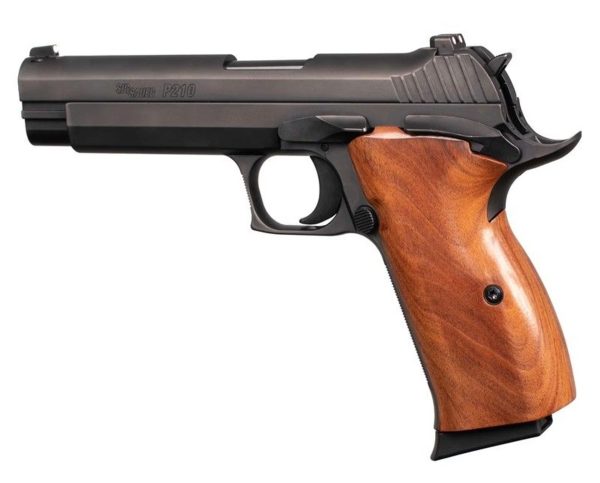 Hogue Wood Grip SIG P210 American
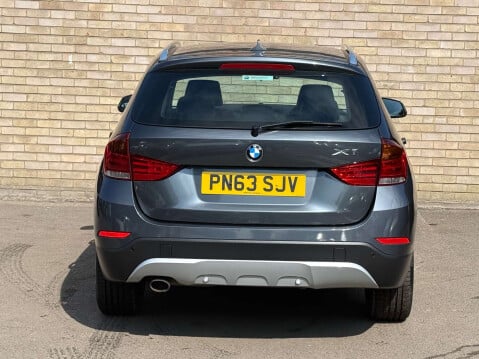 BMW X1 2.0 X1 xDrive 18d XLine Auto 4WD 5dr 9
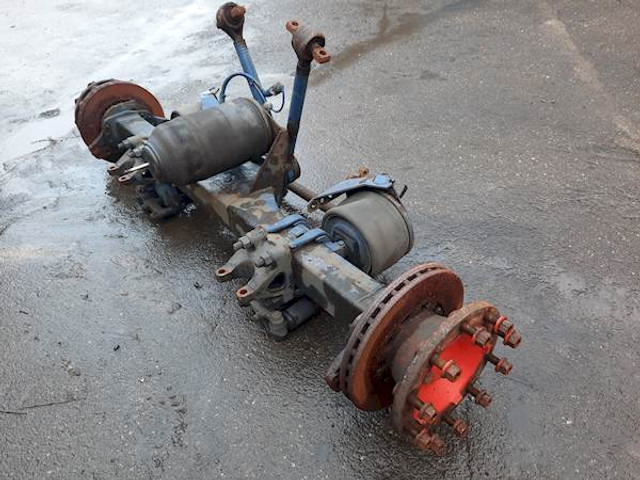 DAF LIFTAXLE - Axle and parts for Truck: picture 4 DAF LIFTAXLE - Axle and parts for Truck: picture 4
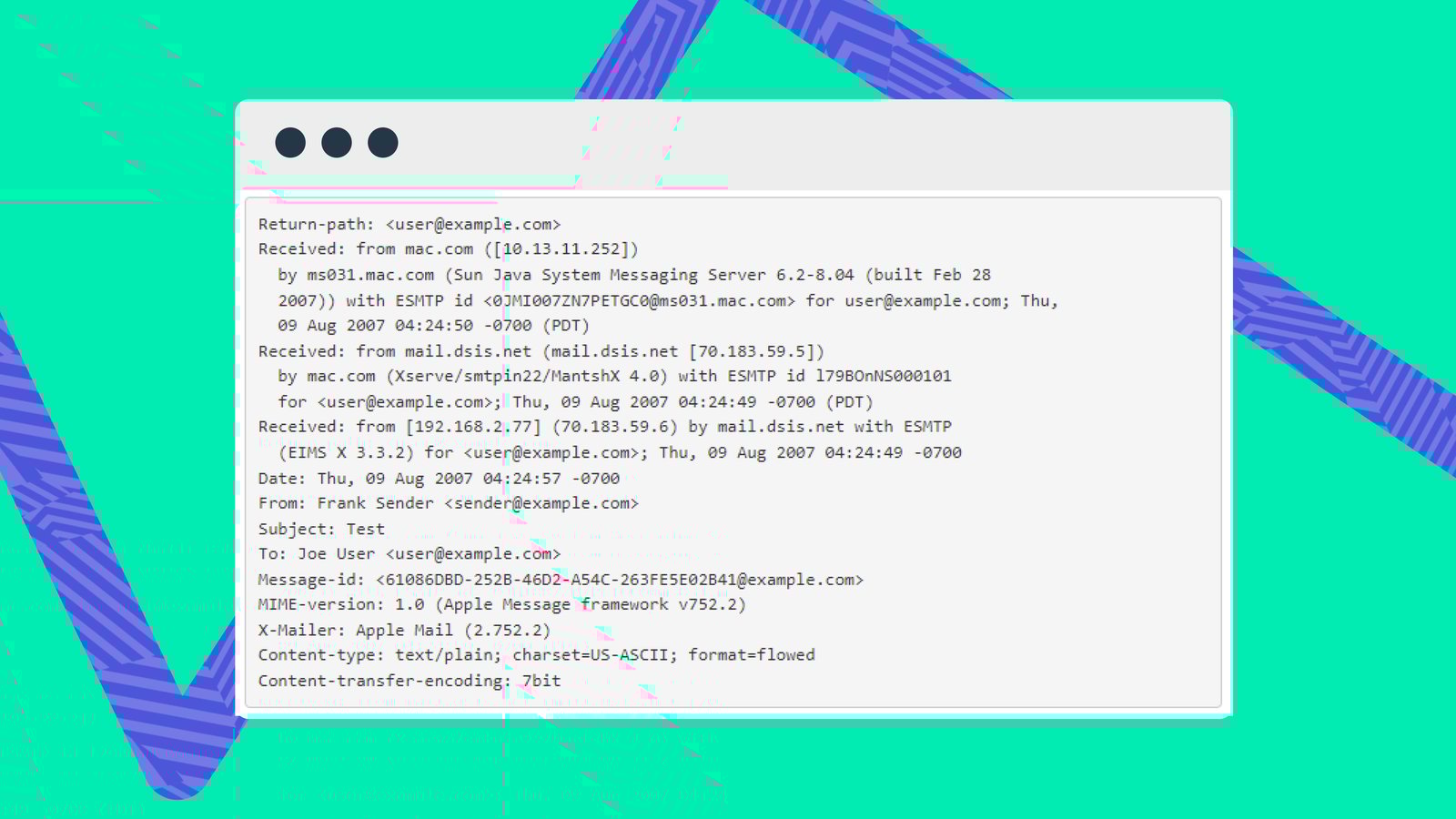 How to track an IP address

- _Assignment_
Your output must reproduce the material above in full, with no pictures.

- _Solution for this exercise_
 Hogue Wood Grip SIG P210 American
 BMW X1 2.0 X1 xDrive 18d XLine Auto 4WD 5dr 9
 DAF LIFTAXLE - Axle and parts for Truck: picture 4 DAF LIFTAXLE - Axle and parts for Truck: picture 4
 How to track an IP address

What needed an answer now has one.